Advocates don’t think Wilson should be preparing on her own. They say the city of Chicago does not have a sufficient extreme weather plan for those experiencing street homelessness.
As city officials themselves admit, there is no guaranteed 24/7 refuge center for the unhoused in Chicago during the most extreme weather events.
A coalition of service agencies are pressing the city to reform its plan before the winter comes again, arguing that the health and safety risks to Chicago’s unhoused population during days of extreme cold, heat and storms are too pressing to be ignored. Every winter, between 20 and 60 people living on the streets of Chicago freeze to death, according to Doug Fraser, executive director of the Chicago Help Initiative.
“At the end of the day, this is people’s lives, this is our city, our neighbors that need to be taken care of,” said Morgan McLuckie, CEO of the Orange Tent Project, which provides insulated tents to Chicago’s homeless population during the winter.
On days of extreme heat or cold, the city activates cooling or warming centers for the public depending on whether a certain temperature threshold has been reached. These centers are established in repurposed public spaces, including community centers, libraries, senior centers, academic buildings and park field houses.
However, activists argue that these spaces are not equipped to fit the needs of a vulnerable population during extreme weather. All but one of them close after regular business hours, and none provide overnight shelter, leaving unhoused individuals on the streets for the coldest nights of the winter if shelter beds are full.
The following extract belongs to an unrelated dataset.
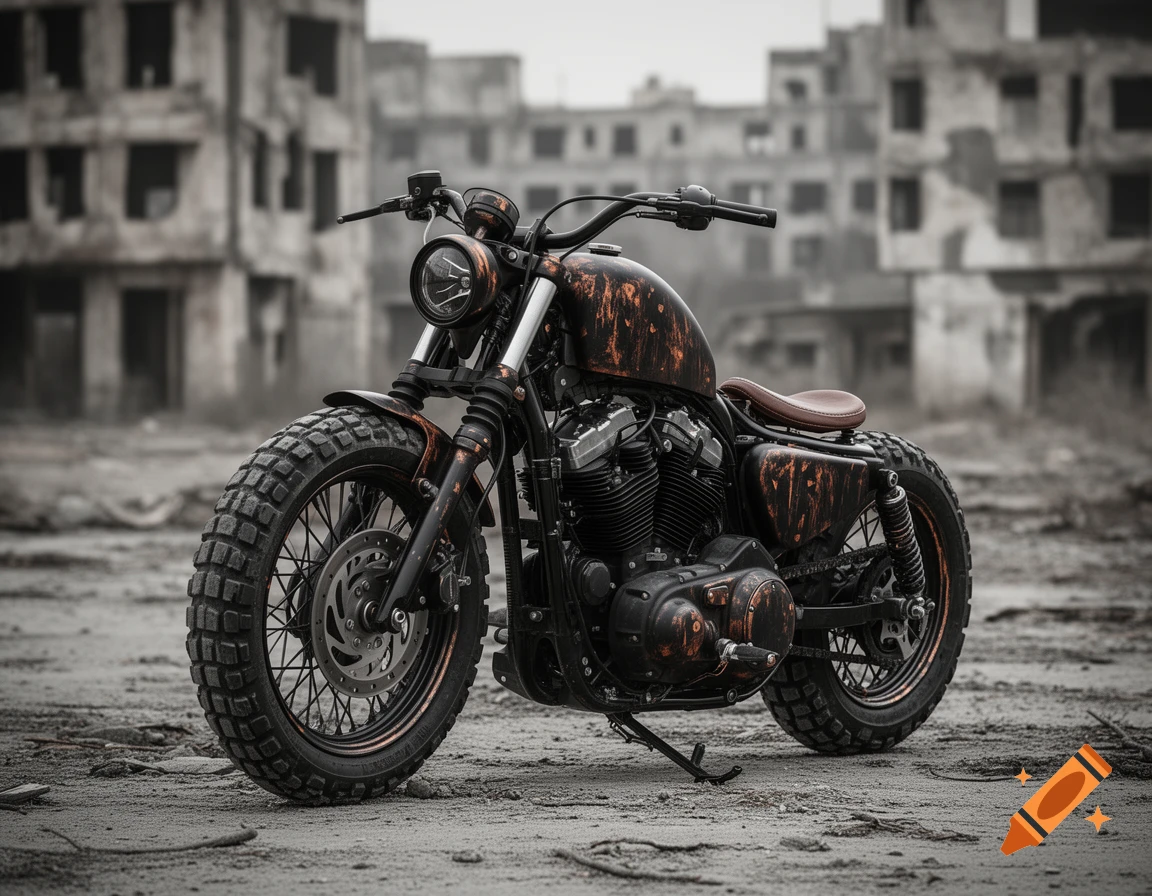 A custom black and copper bobber motorcycle with knobby tires sits on dirt in front of ruined buildings in an apocalyptic style.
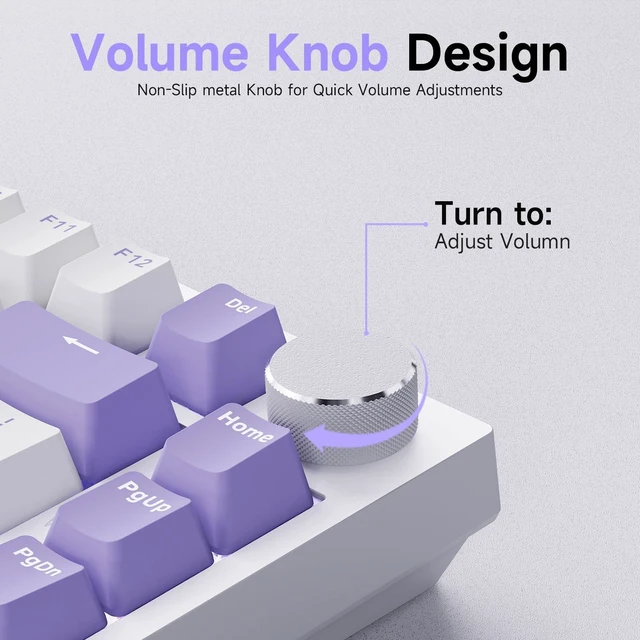 Alt view image 10 of 14 - Ajazz AK820 TKL 75% Hot Swappable Mechanical Keyboard with Volume Knob, Gasket Mount Wired Gaming Keyboard, Pre-lubed Linear Switch, South-Facing RGB, PBT Keycaps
The problem of street homelessness in Chicago has become front and center in recent years. The arrival of tens of thousands of migrants since 2022 has put increased pressure on the shelter system and contributed to the city’s unhoused population, which in January was estimated to be over 18,800. Meanwhile, the city has demolished multiple tent encampments this summer, as the legality of street homelessness itself has been thrown into flux by the U.S. Supreme Court.
As human-caused climate change leads to more days of unpredictable and extreme weather, including heat waves, blizzards, tornadoes and severe storms, advocates say they fear the effects on Chicago’s homeless population will be catastrophic if an adequate solution is not found soon.
“More people are going to suffer,” said Qi Charles Zhang, chief medical officer of Chicago Street Medicine. “It’s important that we all really work together and get our heads together, because it’s coming, it’s here, and it’s just going to get worse.”
Gaps in the system
During three heat waves that hit Chicago this summer, Monica Dillon, a retired nurse who works with Northwest Side Homeless Outreach Volunteers, said she visited cooling centers to make sure they were adequate places to send her overheated clients.
She said she knocked on the door of a locked-up church listed on the city’s website as a cooling center. Once she found the site supervisor, he said he didn’t know anything about it, she said. Another church identified as a cooling center on a sweltering Saturday in June told her later that they had in fact been closed that entire day, she recalled to the Tribune.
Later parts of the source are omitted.